IV.      EXPERIENCING RESURRECTION (3:11):  And so, somehow, to attain to the resurrection from the dead. – This is a very difficult verse to interpret.  I think it means that Paul, by living daily for Christ, is giving evidence that he is a true Christian, experiencing resurrected life and power, and ultimately he will be resurrected from the dead after he dies.  His perseverance in Christ will give him a place in the final resurrection.  The resurrection is the complete and final stage of salvation.  It is the ultimate experience of knowing Christ in perfection.  Then we shall be face to face with Christ in our resurrected bodies.  Folks, it won’t get any better than that!




                  A.         Saved.  Christian, beware of legalism.  It will rob you of your joy.  It will make you harsh, negative, judgmental and critical.  Do not place your emphasis on what you or others may externally do which is not mentioned in scripture.  Place your emphasis upon knowing Christ intimately, vitally and dynamically and you will not have time for any legalistic thinking.  You will be too filled up with the joy of Christ.
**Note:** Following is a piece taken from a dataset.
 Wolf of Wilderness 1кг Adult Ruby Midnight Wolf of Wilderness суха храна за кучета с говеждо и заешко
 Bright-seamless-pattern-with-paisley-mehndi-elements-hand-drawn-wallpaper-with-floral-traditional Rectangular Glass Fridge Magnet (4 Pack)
                  B.         Unsaved.  For you without Christ, for you who are searching for the real meaning of life, for you who are looking for the ultimate experience, I point you to Jesus Christ.  When one meets Christ, he has found the key to life and death.  After one comes to Christ, he spends the rest of his life getting to know Christ better.  You can know Christ.  You can know resurrected power.  You can be changed.  How?  Believe in the Lord Jesus and you shall be saved.  When you come to know Christ, you will say, “It doesn’t get any better than this!